[[ The data, beginning ]]

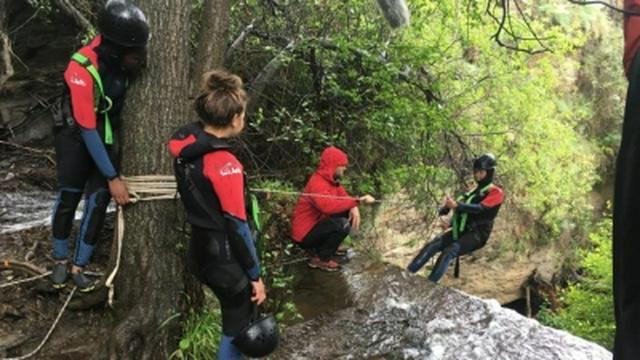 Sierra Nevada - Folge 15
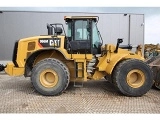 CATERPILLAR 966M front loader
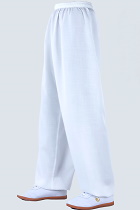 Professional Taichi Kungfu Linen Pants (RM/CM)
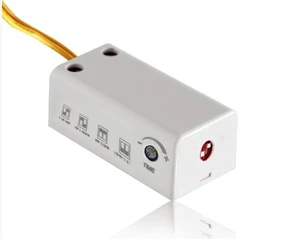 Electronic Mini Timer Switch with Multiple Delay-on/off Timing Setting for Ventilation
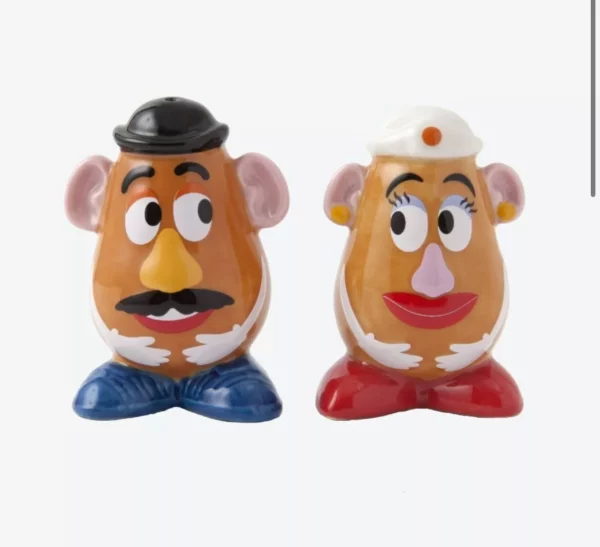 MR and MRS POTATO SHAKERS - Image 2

[[ The data, end ]]

What is needed is an exact repeat of every entry above, with the pictures left out.

 Sierra Nevada - Folge 15
 CATERPILLAR 966M front loader
 Professional Taichi Kungfu Linen Pants (RM/CM)
 Electronic Mini Timer Switch with Multiple Delay-on/off Timing Setting for Ventilation
 MR and MRS POTATO SHAKERS - Image 2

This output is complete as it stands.